Moi en 1918 : C’est de l’humour ?

Moi en 1914 : Écoute alors celle-ci.  À la fin du billet, il est question d’un Juif en qualité de… ha, ha, ha… qualité de… hi, hi, hi… en qualité de… de premier ministre russe… (il s’étrangle de rire).

Moi en 1918 : (apitoyé) Eh bien, mon gars, on peut dire que j’ai beaucoup progressé en quatre ans. Mais ce n’est pas ce que je voulais te dire. Cesse d’écrire.

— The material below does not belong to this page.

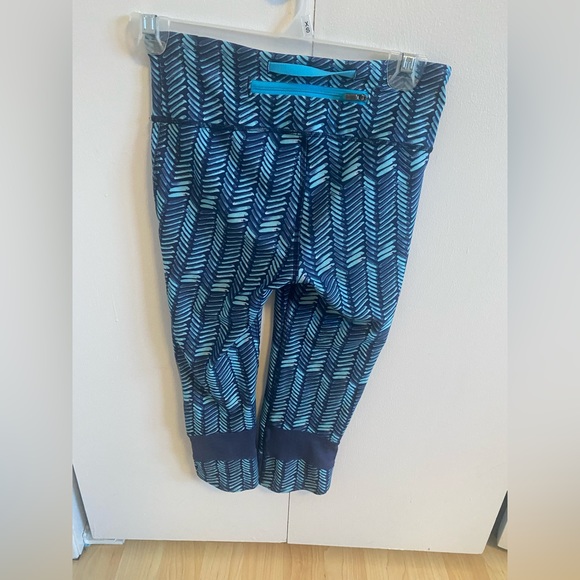 Under Armour capri leggings - Picture 2 of 3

Moi en 1914 : Allons donc !

Moi en 1918 : N’as-tu pas entendu parler de la déclaration de guerre ?

Moi en 1914 : (fait un geste de dédain) Je sais ! Nous avons envahi la Serbie, et alors ? En trois semaines tout sera réglé.

Moi en 1918 : Tu crois ? Je ne suis pas de cet avis.

Moi en 1914 : Ne te rends pas ridicule. Peux-tu imaginer au vingtième siècle une guerre qui dure plus de deux mois ? Avec les acquis de la technique moderne ? À l’époque des canons de quarante centimètres ? (Avec un air supérieur.) Au demeurant, sur le plan économique, l’Europe ne pourrait pas du tout supporter une guerre de six mois.

Moi en 1918 : (j’avale ma salive) Bon, entendu. Ne parlons pas de politique. J’ai des choses plus importantes à te dire.

Moi en 1914 : (me fixe) As-tu perdu la tête ?

Moi en 1918 : (fiévreusement) Achète du saindoux, au moins dix kilos, ou plus, et conserve le bien ! Achète du cuir ! Achète du fil à coudre ! Achète du savon ! Achète de la gomme arabique ou ce que tu voudras ! Achète de la pommade !

Moi en 1914 : (sans comprendre) Es-tu cinglé ? Allons, fiche-moi la paix.

Moi en 1918 : (prêt à pleurer) Tu es un âne ! Ne veux-tu pas me comprendre ? Achète du thé ! Achète des citrons ! Achète des clous à ferrer les chevaux !

Moi en 1914 : (en colère) Assez déconné, va-t’en et laisse-moi travailler ! (Il reprend sa plume.)

Moi en 1918 : (au désespoir, je lui arrache la feuille sous sa main) Malheureux, tu veux me ruiner ? Au moins ne salis pas cette feuille de papier – épargne-la, garde-la propre – tu gagneras, je veux dire, je gagnerai davantage si j’écris dessus en 1918 que si c’est toi maintenant !

Moi en 1914 : (furieux) Adieu ! (Il saute et s’en va.)

Moi en 1918 : (résigné) Tant pis, salopard ! J’ai toujours été le cadet de tes soucis ! Je retourne faire le pauvre en 1918.